Seaside Garden

Client Brief. The masterplan for this gently sloping seaside garden was designed with a restrained modern Italianate aesthetic in mind. The clients desired enhanced privacy, enhanced views of the sea and enhanced entertainment areas.

Philosophy. The design was guided by the idea of creating a serene and beautiful space with simplicity, structure and minimal upkeep. The philosophy grounded in minimalism, sharp lines and a confidence in the dynamism between static materials (stone, yews and boxwoods) and materials that move (art that glitters, plants in the wind, flames of fire).

Design. Several terraces for entertaining, gardening and contemplation were created on this sloped site. The central lawn consists of a square colonnade of pleached trees with a central water feature. Near the house and near the sea, enhanced areas for dining were created with a fire table the central feature in the latter. Strong lines were created with yews, boxwood, cypresses while paired with frothy purple flowering plants such as lavender and verbena bonariensis. The architecture of the house was softened with boxwoods, mounded boxwoods in pots and bright plants that move and dance in the wind. Sculptural Amelancheir lamarckii create four-season interest throughout the site. The selection of Escallonia iveyi is seaside perfect and carpets a bank in dark evergreen foliage and white flowers. The entire is architecturally up-lit. Beige paving will replace the old copper-coloured paving in spring 2016.

1. Seating and Water Feature. Three individual benches are recessed into plantings under tree canopies. Inside the circular seating area are additional benches for small groups of people. A focal point of the garden, the space feels like a refuge and embrace and is where a spherical water fountain is surrounded by a cluster of smooth river rocks. From here, paving radiates outward like water ripples from a pebble dropped in water.

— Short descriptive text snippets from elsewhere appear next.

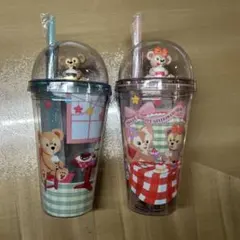 上海ディズニー限定　ダッフィー＆フレンズのストロー付きドリンクカップ　2個セット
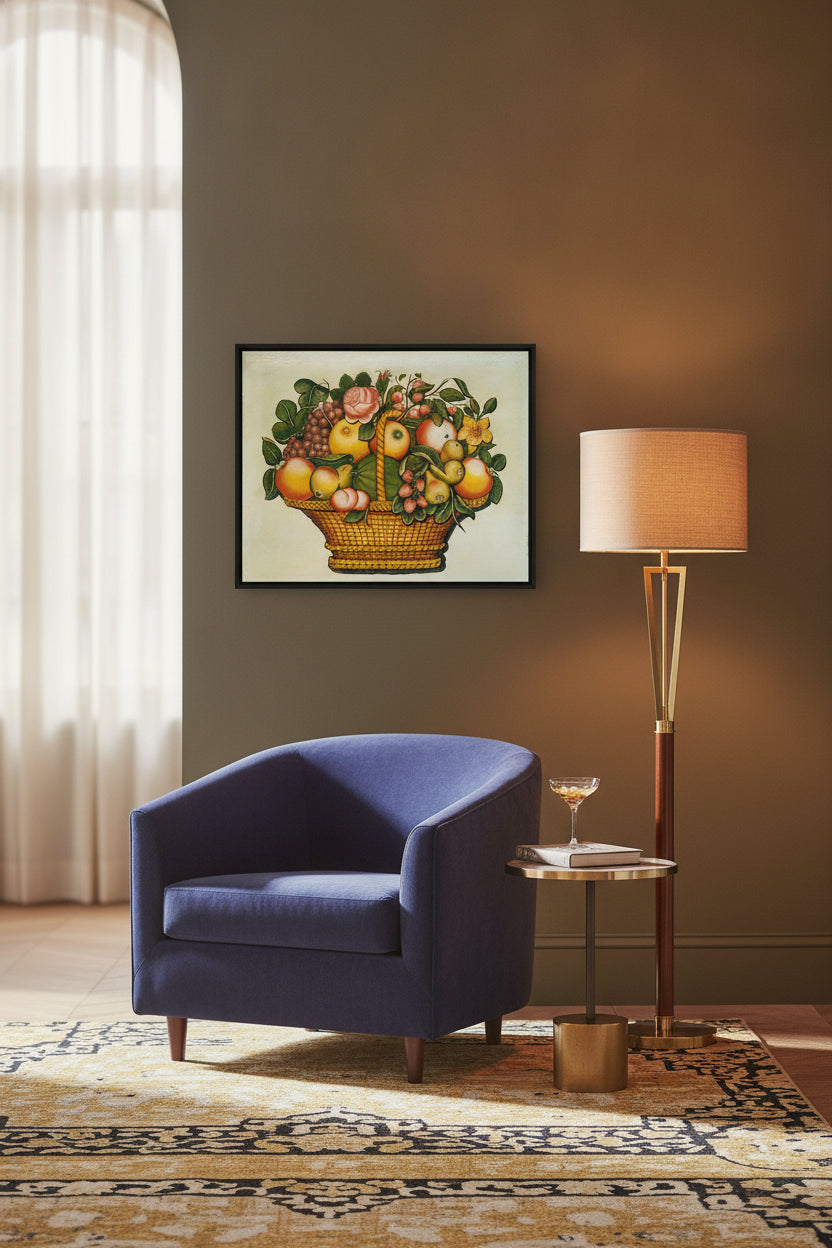 Basket of Fruit with Flowers — framed art in a styled interior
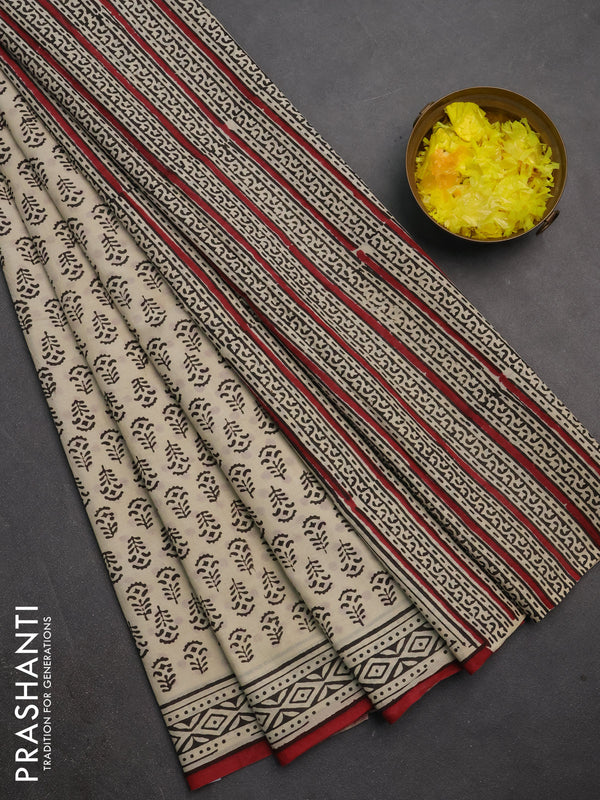 Jaipur cotton saree beige and maroon with allover butta prints and printed border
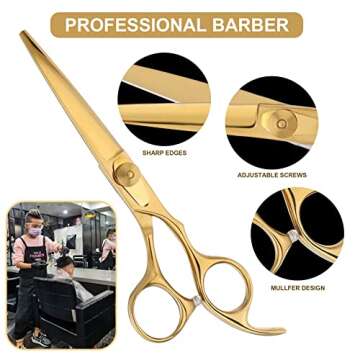 Airewsa Golden Hair Cutting Scissors Professional Stainless Steel Premium Shears for Hair Cutting for Home 6.9" Barber Hairdressing Shear for Man Woman Adults Kids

2. Flower beds. A restful, naturalistic planting of sumptuous purples and blue is set against Corten steel art designed by Kathryn Aalto. The flower composition is composed of plants that are mostly drought-tolerant so that maintenance is minimised. Mounded boxwoods add structure and evergreen colour to beds of herbaceous perennials.

3. Year-round interest. Evergreen hedges of hornbeam and box define the space in all seasons. They add serenity, simplicity and greenery to the garden. The sculptural and multi-stemmed Amelanchier canadensis will be carefully trimmed to not exceed 3 metres. They offer interest all year-round: white flowers in spring, berries in summer and a flush of crimson and orange leaves in autumn. They are a repeating motif in the garden and create moving swirls of dappled light on the paving as the sun passes overhead.

4. Paving. Slate pavers add a sophisticated and contemporary feel to the garden.

5. Vegetable beds. Raised Corten steel planters provide a place for tending herbs and flowers and is a place for patients to get their hands in dirt and feel a part of nature.